Use permutation importance: It directly measures predictive contribution, so high-cardinality features that don't generalize show low importance
Regularize trees: Shallower trees (lower max_depth) are forced to use truly informative features first, reducing cardinality exploitation
Bin continuous features: Converting continuous to ordinal (e.g., quantile bins) equalizes cardinality across features, though this loses information
Use corrected importance measures: Some implementations (e.g., Scikit-learn's max_features parameter) reduce cardinality bias by limiting available features at each split
When features are correlated, importance gets distributed among them in ways that can be misleading. This affects all importance methods, though in different ways.
For impurity-based importance:
When features A and B are highly correlated, splits on either achieve similar impurity reduction. The tree might arbitrarily choose one over the other at different nodes, splitting the "credit" between them. Neither feature appears as important as it truly is for the target.
For permutation importance:
Shuffling feature A destroys its correlation with the target AND with feature B. But the model can still use B (which remains correlated with the target). This makes A appear less important than it would be if B didn't exist.

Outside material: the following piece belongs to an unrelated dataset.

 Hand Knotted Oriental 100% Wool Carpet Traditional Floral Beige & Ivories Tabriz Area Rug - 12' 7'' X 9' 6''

For drop-column importance:
Removing feature A allows the model to rely on B during retraining. If B can fully substitute for A, then A's drop-column importance is near zero—even if A is extremely predictive in isolation.
Correlated features can each show LOW individual importance while together being HIGHLY important. If you select features based on individual importance, you might exclude an entire cluster of correlated features that collectively carry most predictive signal.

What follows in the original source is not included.